Checking the Validity of a Website

by January 13, 2021
Credit: Pixabay user coffeebeanworks

I took a free online course at the Knight Center about how to research people and websites. I learned some new tips that have gone into my usual techniques and thought that an overview of useful research tools could be helpful.

Companies are typically on the up and up, but some aren’t. When researching smaller ones in particular, you need to be sure that what you see actually exists.

I learned the hard way not on a journalistic assignment, but before when I did marketing consulting for companies. A client who wasn’t paying his bill had created a website for his company. There I saw my picture and a short bio with a listing as head of marketing. Totally insane. I did ultimately get him to pay and to remove my presence, but the bigger point is that business owners may be tempted to pretense and dishonesty while trying to gain attention or make a sale.
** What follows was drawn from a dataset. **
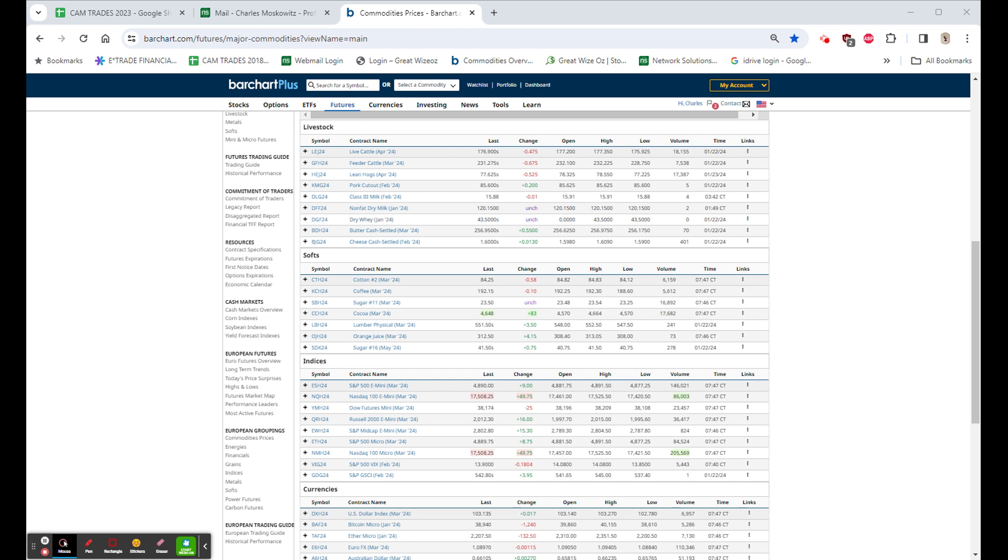RTX, the old Raytheon, beats by a nickel, and it is up $3.44. 3M beats by 11 cents, beats on revenue, guides below consensus. $99.89, that's down $8.13.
If one is willing to do things like that on a website, many more are. Skills to examine websites and look for anomalies are important. Here are some tools.

  • Check the registration records: The first step is to see what you can learn from the website registration records. Go to Internic.net and click on the Search Whois link. Enter the domain name (in the form ., which could be site.com, site.net, or whatever). You’ll get information on when the site was created, where it’s hosted, who owns it (although that information can be obscured through a privacy service), and more. Even something like an initial filing date can give you important information. When Stephen Glass created fake websites in the late 1990s to support fabricated sources, a Whois check would have helped establish when someone first obtained the domains.
  • Look at archived versions: Older versions of a website can be valuable in understanding a company’s history and interests. Take the URL of the page in question (you’re not limited to the home page) and paste it into the Wayback Machine on the Internet Archive. Look for differences. There may also be information useful to your story.
  • Check the images: When someone is trying to build up a fake website, they often use photos form stock agencies. To do this next step easily, using either Chrome or a browser built on Chrome (like Brave) is helpful because you can add the InVID toolkit extension. This provides reverse search capabilities for images. You can see if that picture of a meeting or project or executive appears elsewhere on the Web, like on a stock photo site. (A tip: try Bing’s reverse image search, as it lets you focus on one part of an image, like a person’s face, so you can see where else it pops up.)
  • Check for plagiarism: Take a block of text, find a distinctive looking sentence, and put in into a web search engine. Similar to images, if it turns up elsewhere, the site at least may be lifting content from elsewhere (unless it’s the original source that others take) and, at worst, creating something fictional on the backs of others.

This is only the start of what you can do, but even these steps can help you spot when someone may be trying to fool you into taking them more seriously than you should.